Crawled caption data
···

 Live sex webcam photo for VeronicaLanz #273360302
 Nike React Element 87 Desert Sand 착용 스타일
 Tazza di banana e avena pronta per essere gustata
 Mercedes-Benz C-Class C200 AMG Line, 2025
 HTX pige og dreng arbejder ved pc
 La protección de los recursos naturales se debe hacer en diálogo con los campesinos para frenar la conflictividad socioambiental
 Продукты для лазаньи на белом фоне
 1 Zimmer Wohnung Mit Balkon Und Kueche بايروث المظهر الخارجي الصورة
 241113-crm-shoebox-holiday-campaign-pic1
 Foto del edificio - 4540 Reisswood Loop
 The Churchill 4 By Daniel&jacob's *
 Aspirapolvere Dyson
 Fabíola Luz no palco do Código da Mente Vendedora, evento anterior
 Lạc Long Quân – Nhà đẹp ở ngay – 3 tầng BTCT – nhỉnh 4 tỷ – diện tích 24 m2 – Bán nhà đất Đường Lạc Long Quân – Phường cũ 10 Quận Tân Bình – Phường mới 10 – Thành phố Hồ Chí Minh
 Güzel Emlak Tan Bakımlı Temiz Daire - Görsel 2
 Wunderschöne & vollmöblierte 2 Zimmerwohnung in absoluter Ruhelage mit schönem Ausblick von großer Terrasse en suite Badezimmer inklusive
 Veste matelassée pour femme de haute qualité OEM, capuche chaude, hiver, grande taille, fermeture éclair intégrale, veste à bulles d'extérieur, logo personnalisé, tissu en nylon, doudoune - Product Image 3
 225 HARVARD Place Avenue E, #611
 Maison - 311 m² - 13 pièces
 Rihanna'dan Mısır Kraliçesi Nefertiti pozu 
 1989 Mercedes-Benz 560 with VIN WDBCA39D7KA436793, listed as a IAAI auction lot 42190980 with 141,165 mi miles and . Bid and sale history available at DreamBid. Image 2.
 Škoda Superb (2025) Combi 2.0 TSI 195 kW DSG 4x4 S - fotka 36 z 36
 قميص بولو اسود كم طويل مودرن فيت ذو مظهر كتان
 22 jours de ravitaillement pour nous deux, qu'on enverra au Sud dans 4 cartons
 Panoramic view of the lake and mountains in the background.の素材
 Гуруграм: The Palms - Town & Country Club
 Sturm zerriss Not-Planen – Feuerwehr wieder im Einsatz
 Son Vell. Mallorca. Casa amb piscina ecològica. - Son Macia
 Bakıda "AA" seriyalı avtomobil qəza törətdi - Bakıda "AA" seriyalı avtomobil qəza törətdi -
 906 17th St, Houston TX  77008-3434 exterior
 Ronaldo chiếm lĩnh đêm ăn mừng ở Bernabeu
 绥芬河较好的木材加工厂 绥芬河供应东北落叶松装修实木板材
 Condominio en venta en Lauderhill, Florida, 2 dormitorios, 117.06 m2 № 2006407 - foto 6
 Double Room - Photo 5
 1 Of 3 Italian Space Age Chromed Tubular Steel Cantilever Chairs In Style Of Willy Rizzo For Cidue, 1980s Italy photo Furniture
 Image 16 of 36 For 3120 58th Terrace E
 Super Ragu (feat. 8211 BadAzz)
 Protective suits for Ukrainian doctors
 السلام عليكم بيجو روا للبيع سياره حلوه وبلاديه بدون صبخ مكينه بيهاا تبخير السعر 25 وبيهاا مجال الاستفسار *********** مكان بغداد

···

## Activity
Write the data from above out again, exactly.

## Response below
 Live sex webcam photo for VeronicaLanz #273360302
 Nike React Element 87 Desert Sand 착용 스타일
 Tazza di banana e avena pronta per essere gustata
 Mercedes-Benz C-Class C200 AMG Line, 2025
 HTX pige og dreng arbejder ved pc
 La protección de los recursos naturales se debe hacer en diálogo con los campesinos para frenar la conflictividad socioambiental
 Продукты для лазаньи на белом фоне
 1 Zimmer Wohnung Mit Balkon Und Kueche بايروث المظهر الخارجي الصورة
 241113-crm-shoebox-holiday-campaign-pic1
 Foto del edificio - 4540 Reisswood Loop
 The Churchill 4 By Daniel&jacob's *
 Aspirapolvere Dyson
 Fabíola Luz no palco do Código da Mente Vendedora, evento anterior
 Lạc Long Quân – Nhà đẹp ở ngay – 3 tầng BTCT – nhỉnh 4 tỷ – diện tích 24 m2 – Bán nhà đất Đường Lạc Long Quân – Phường cũ 10 Quận Tân Bình – Phường mới 10 – Thành phố Hồ Chí Minh
 Güzel Emlak Tan Bakımlı Temiz Daire - Görsel 2
 Wunderschöne & vollmöblierte 2 Zimmerwohnung in absoluter Ruhelage mit schönem Ausblick von großer Terrasse en suite Badezimmer inklusive
 Veste matelassée pour femme de haute qualité OEM, capuche chaude, hiver, grande taille, fermeture éclair intégrale, veste à bulles d'extérieur, logo personnalisé, tissu en nylon, doudoune - Product Image 3
 225 HARVARD Place Avenue E, #611
 Maison - 311 m² - 13 pièces
 Rihanna'dan Mısır Kraliçesi Nefertiti pozu 
 1989 Mercedes-Benz 560 with VIN WDBCA39D7KA436793, listed as a IAAI auction lot 42190980 with 141,165 mi miles and . Bid and sale history available at DreamBid. Image 2.
 Škoda Superb (2025) Combi 2.0 TSI 195 kW DSG 4x4 S - fotka 36 z 36
 قميص بولو اسود كم طويل مودرن فيت ذو مظهر كتان
 22 jours de ravitaillement pour nous deux, qu'on enverra au Sud dans 4 cartons
 Panoramic view of the lake and mountains in the background.の素材
 Гуруграм: The Palms - Town & Country Club
 Sturm zerriss Not-Planen – Feuerwehr wieder im Einsatz
 Son Vell. Mallorca. Casa amb piscina ecològica. - Son Macia
 Bakıda "AA" seriyalı avtomobil qəza törətdi - Bakıda "AA" seriyalı avtomobil qəza törətdi -
 906 17th St, Houston TX  77008-3434 exterior
 Ronaldo chiếm lĩnh đêm ăn mừng ở Bernabeu
 绥芬河较好的木材加工厂 绥芬河供应东北落叶松装修实木板材
 Condominio en venta en Lauderhill, Florida, 2 dormitorios, 117.06 m2 № 2006407 - foto 6
 Double Room - Photo 5
 1 Of 3 Italian Space Age Chromed Tubular Steel Cantilever Chairs In Style Of Willy Rizzo For Cidue, 1980s Italy photo Furniture
 Image 16 of 36 For 3120 58th Terrace E
 Super Ragu (feat. 8211 BadAzz)
 Protective suits for Ukrainian doctors
 السلام عليكم بيجو روا للبيع سياره حلوه وبلاديه بدون صبخ مكينه بيهاا تبخير السعر 25 وبيهاا مجال الاستفسار *********** مكان بغداد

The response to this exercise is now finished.